**Problem details:**
Please transcribe the entries that follow exactly as they stand, skipping each picture.

_ _ _

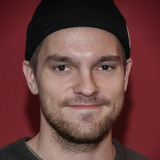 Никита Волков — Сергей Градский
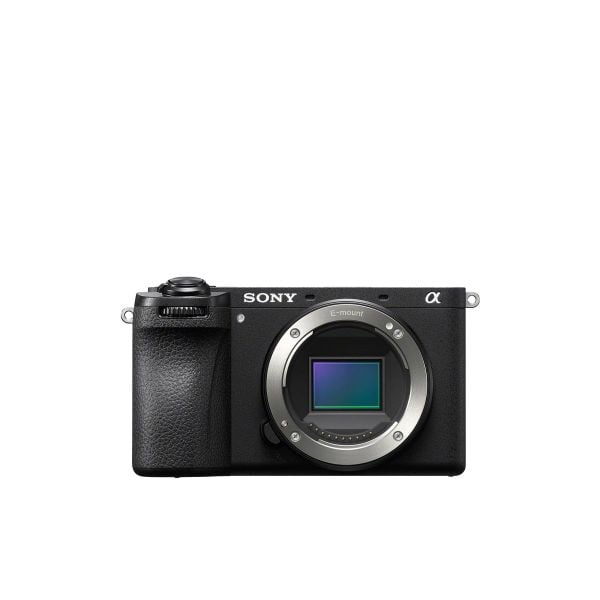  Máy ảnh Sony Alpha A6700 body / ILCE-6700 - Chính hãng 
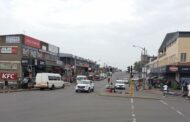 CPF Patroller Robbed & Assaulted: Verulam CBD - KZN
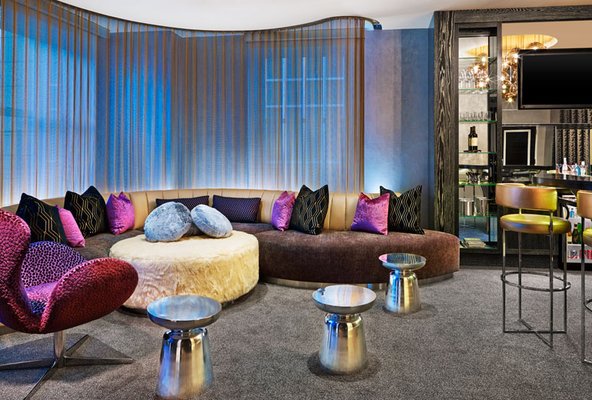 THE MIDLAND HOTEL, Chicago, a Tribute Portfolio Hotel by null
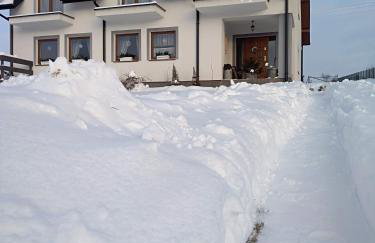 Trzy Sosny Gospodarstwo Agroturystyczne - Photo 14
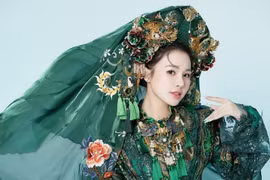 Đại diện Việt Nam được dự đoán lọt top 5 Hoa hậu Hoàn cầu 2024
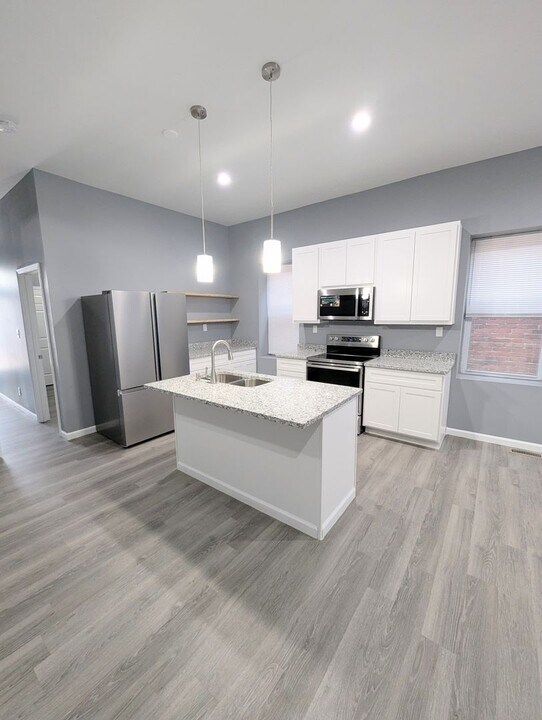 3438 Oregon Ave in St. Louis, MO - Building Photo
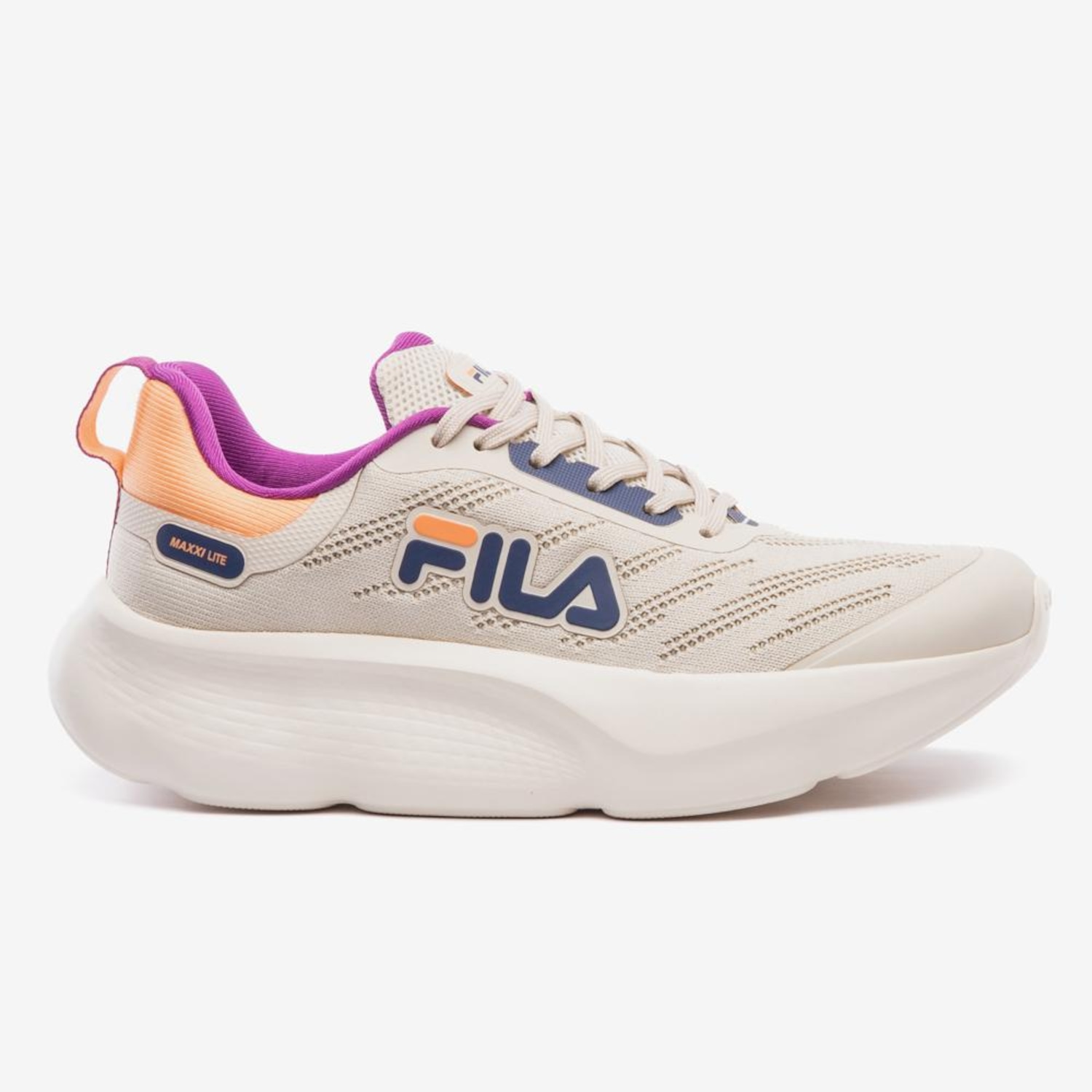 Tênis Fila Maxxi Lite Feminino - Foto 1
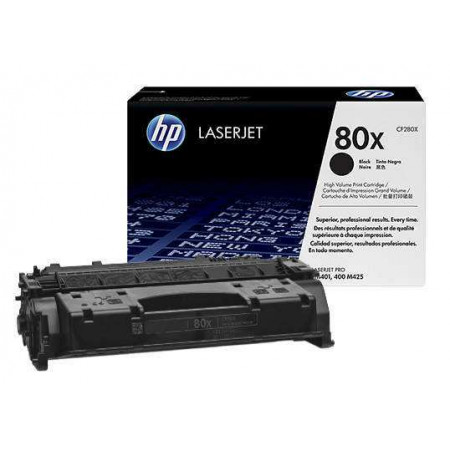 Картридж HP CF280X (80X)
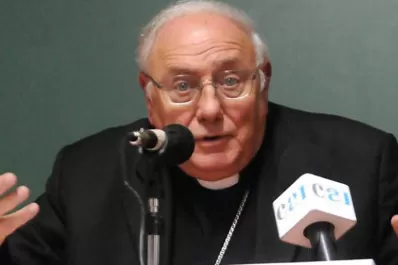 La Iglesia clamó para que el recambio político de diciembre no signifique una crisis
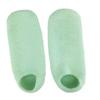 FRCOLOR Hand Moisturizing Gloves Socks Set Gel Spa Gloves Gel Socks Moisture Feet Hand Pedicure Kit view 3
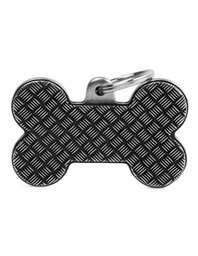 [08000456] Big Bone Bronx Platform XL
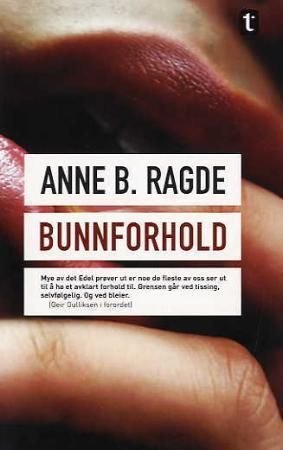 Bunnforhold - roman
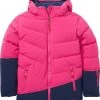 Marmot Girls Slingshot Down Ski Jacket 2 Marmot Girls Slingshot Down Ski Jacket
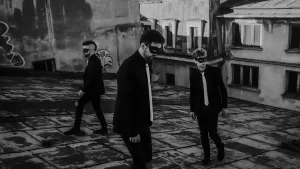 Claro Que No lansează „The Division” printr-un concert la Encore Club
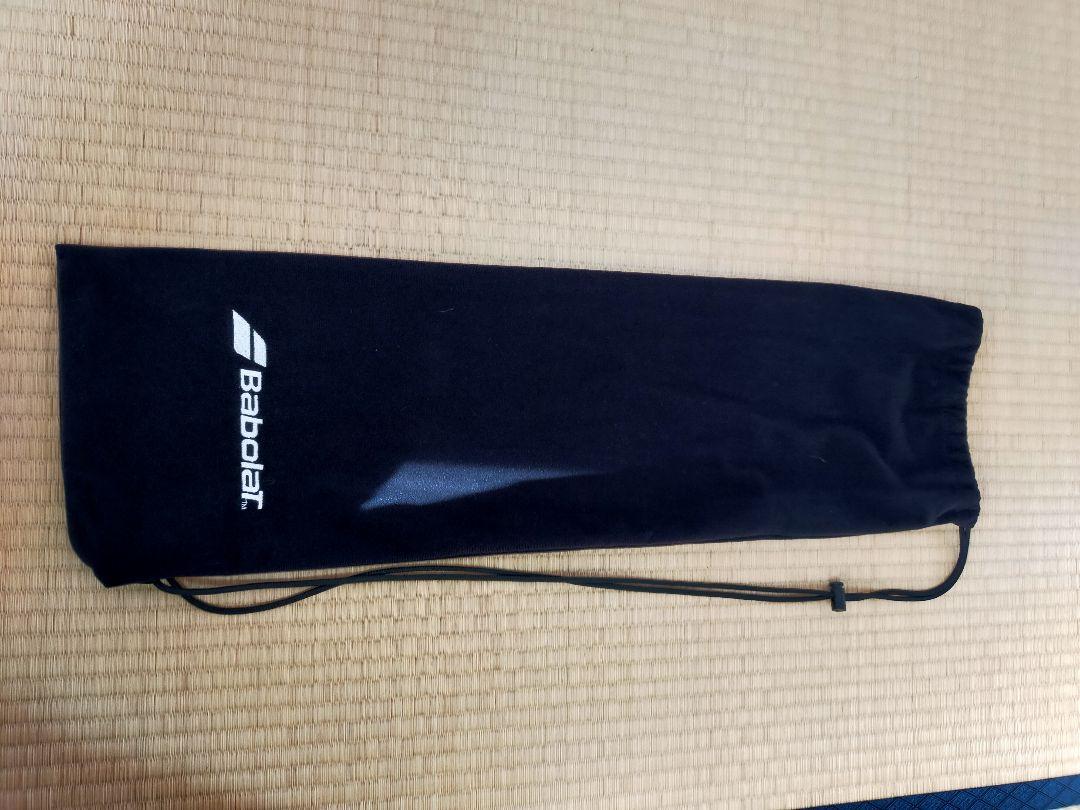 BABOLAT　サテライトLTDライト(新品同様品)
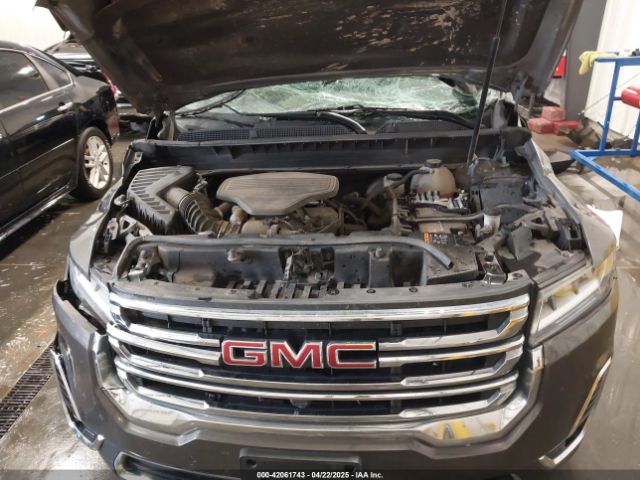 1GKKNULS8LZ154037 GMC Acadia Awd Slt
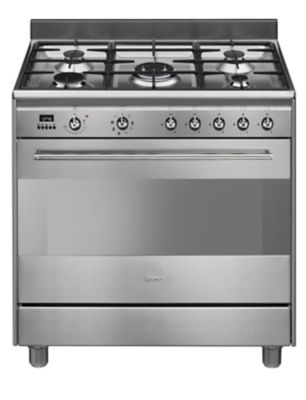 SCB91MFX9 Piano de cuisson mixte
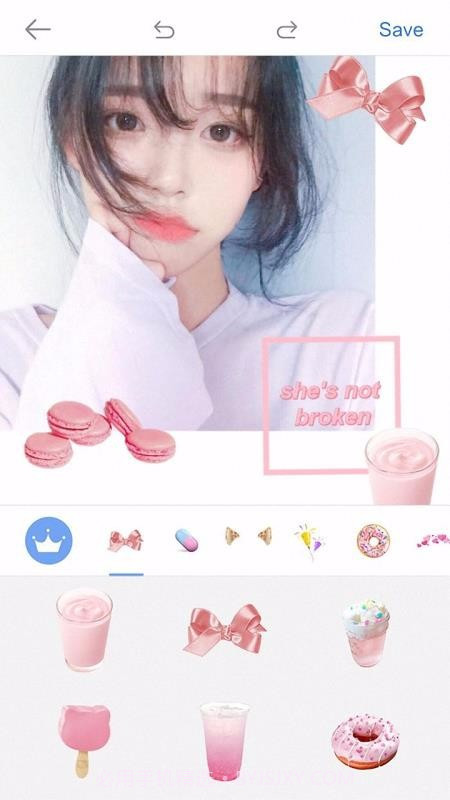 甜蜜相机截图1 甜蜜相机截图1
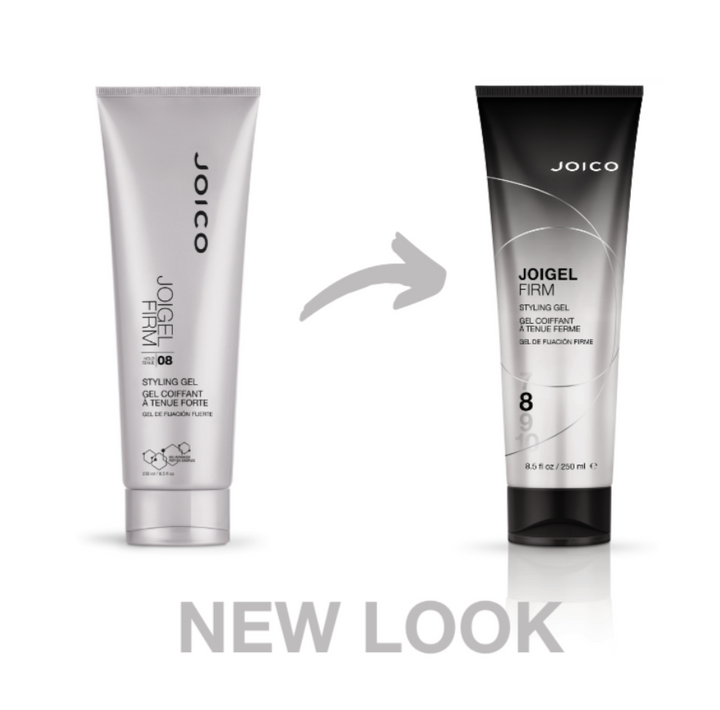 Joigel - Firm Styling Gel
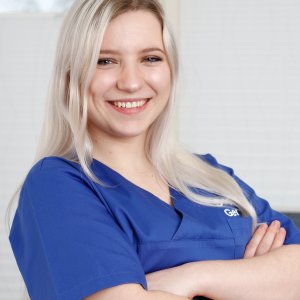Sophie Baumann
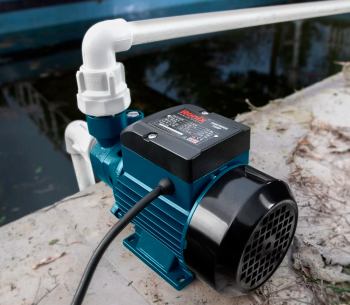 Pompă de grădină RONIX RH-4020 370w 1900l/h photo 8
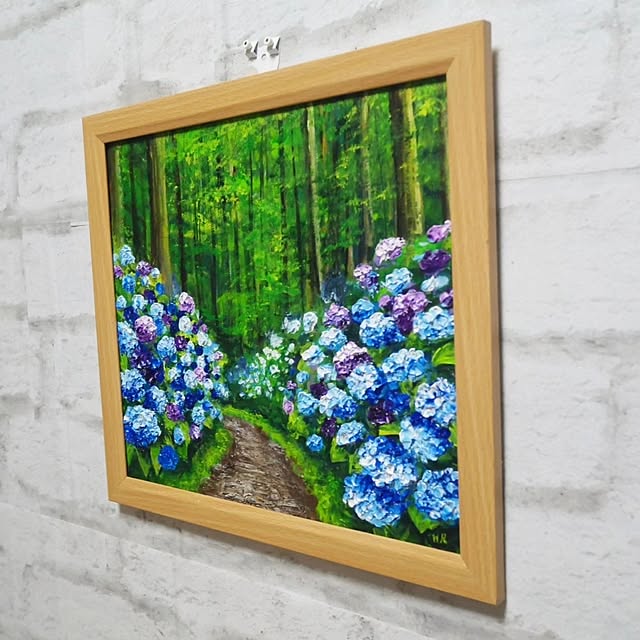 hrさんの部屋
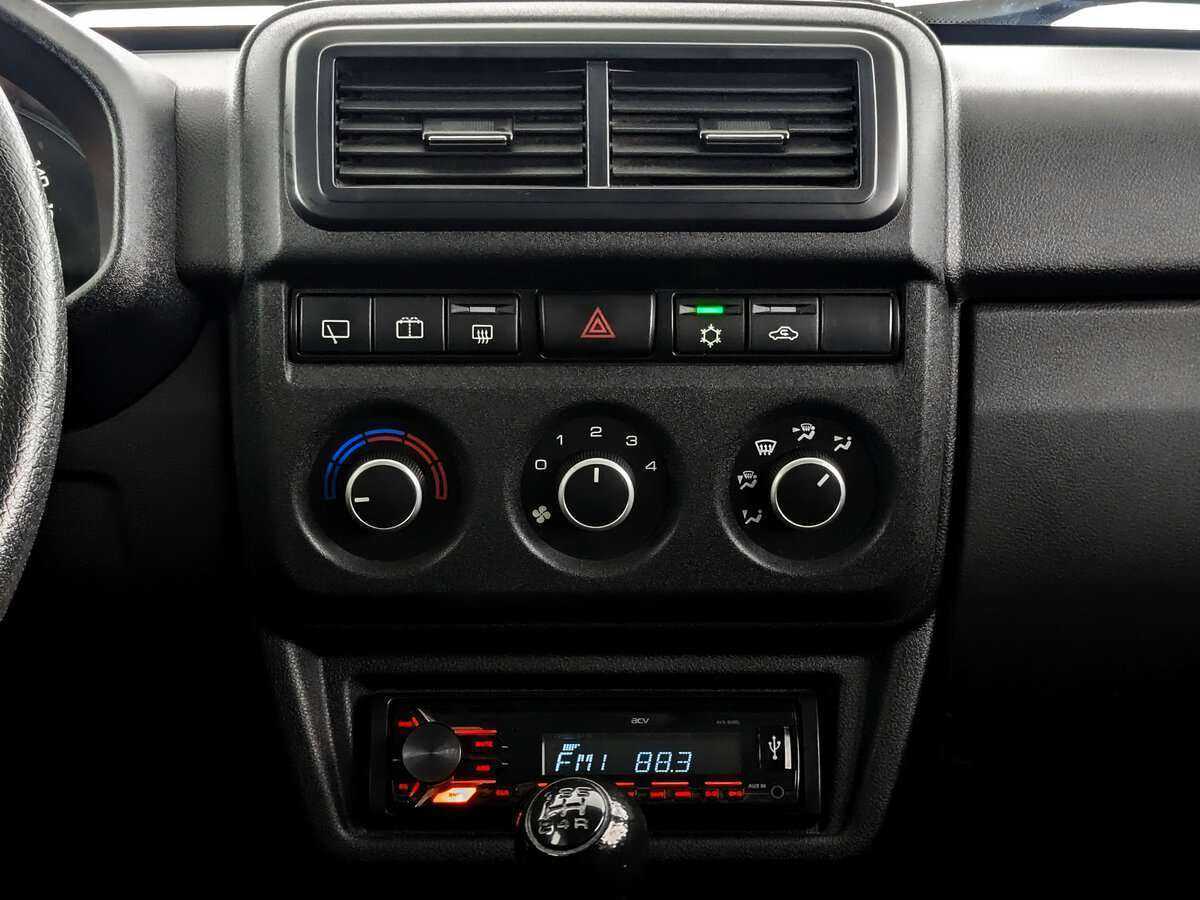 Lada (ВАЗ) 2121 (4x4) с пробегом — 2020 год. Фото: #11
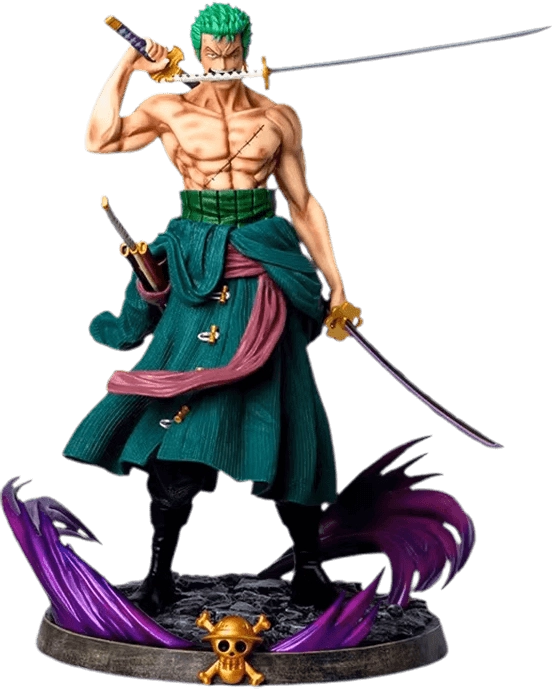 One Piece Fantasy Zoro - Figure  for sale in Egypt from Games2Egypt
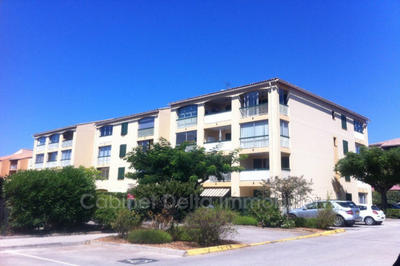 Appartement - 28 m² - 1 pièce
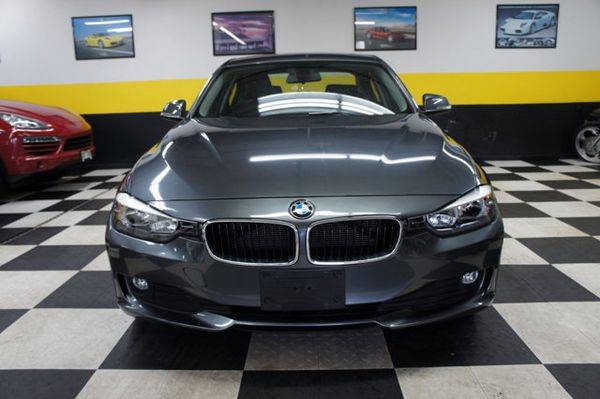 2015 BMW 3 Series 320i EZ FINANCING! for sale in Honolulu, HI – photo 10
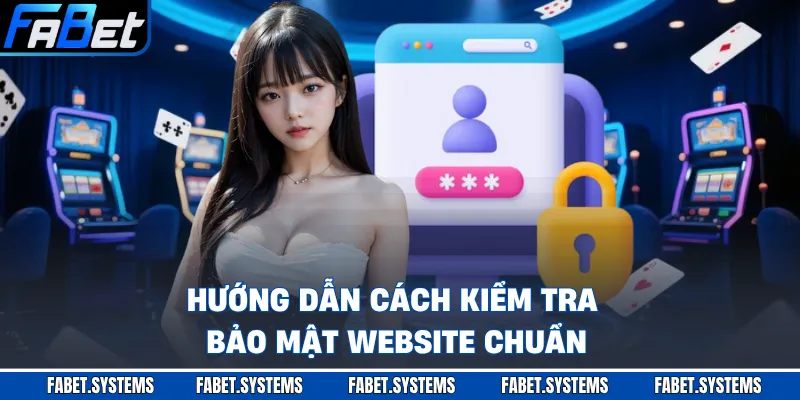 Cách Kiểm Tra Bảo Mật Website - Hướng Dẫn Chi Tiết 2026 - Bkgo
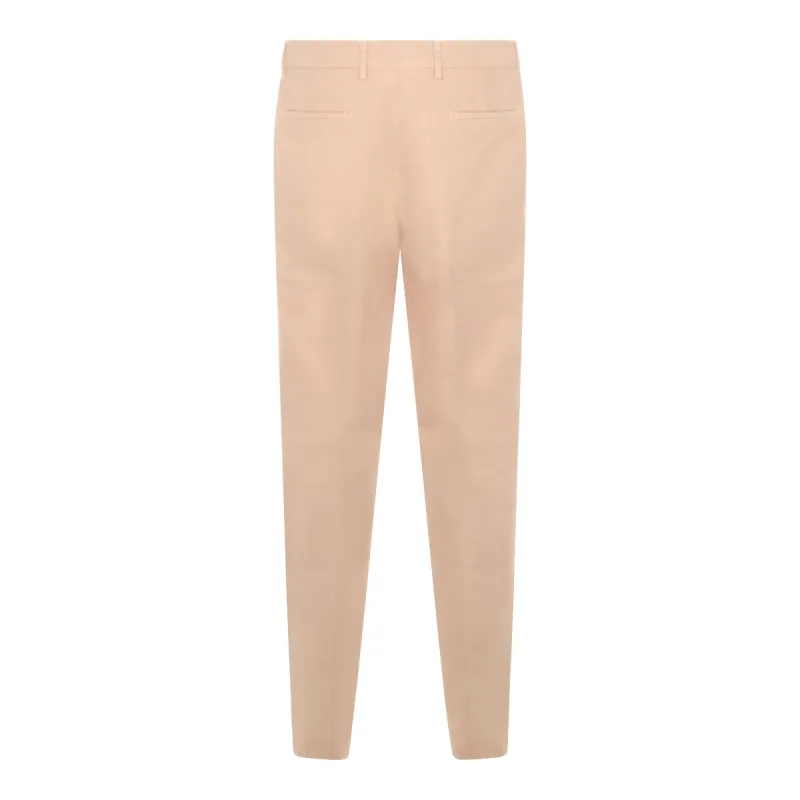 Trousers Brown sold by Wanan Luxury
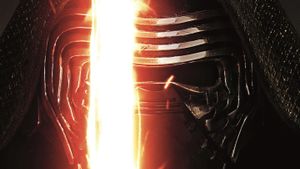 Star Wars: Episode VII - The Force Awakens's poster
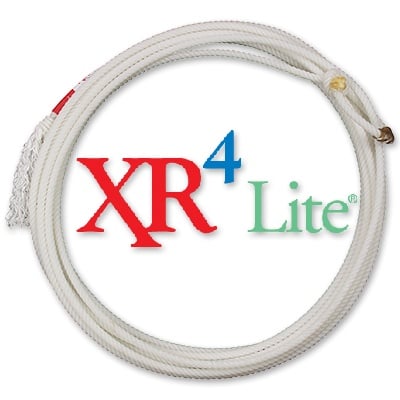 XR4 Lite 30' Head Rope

_ _ _

**Answer below:**
 Никита Волков — Сергей Градский
  Máy ảnh Sony Alpha A6700 body / ILCE-6700 - Chính hãng 
 CPF Patroller Robbed & Assaulted: Verulam CBD - KZN
 THE MIDLAND HOTEL, Chicago, a Tribute Portfolio Hotel by null
 Trzy Sosny Gospodarstwo Agroturystyczne - Photo 14
 Đại diện Việt Nam được dự đoán lọt top 5 Hoa hậu Hoàn cầu 2024
 3438 Oregon Ave in St. Louis, MO - Building Photo
 Tênis Fila Maxxi Lite Feminino - Foto 1
 Картридж HP CF280X (80X)
 La Iglesia clamó para que el recambio político de diciembre no signifique una crisis
 FRCOLOR Hand Moisturizing Gloves Socks Set Gel Spa Gloves Gel Socks Moisture Feet Hand Pedicure Kit view 3
 [08000456] Big Bone Bronx Platform XL
 Bunnforhold - roman
 Marmot Girls Slingshot Down Ski Jacket 2 Marmot Girls Slingshot Down Ski Jacket
 Claro Que No lansează „The Division” printr-un concert la Encore Club
 BABOLAT　サテライトLTDライト(新品同様品)
 1GKKNULS8LZ154037 GMC Acadia Awd Slt
 SCB91MFX9 Piano de cuisson mixte
 甜蜜相机截图1 甜蜜相机截图1
 Joigel - Firm Styling Gel
Sophie Baumann
 Pompă de grădină RONIX RH-4020 370w 1900l/h photo 8
 hrさんの部屋
 Lada (ВАЗ) 2121 (4x4) с пробегом — 2020 год. Фото: #11
 One Piece Fantasy Zoro - Figure  for sale in Egypt from Games2Egypt
 Appartement - 28 m² - 1 pièce
 2015 BMW 3 Series 320i EZ FINANCING! for sale in Honolulu, HI – photo 10
 Cách Kiểm Tra Bảo Mật Website - Hướng Dẫn Chi Tiết 2026 - Bkgo
 Trousers Brown sold by Wanan Luxury
 Star Wars: Episode VII - The Force Awakens's poster
 XR4 Lite 30' Head Rope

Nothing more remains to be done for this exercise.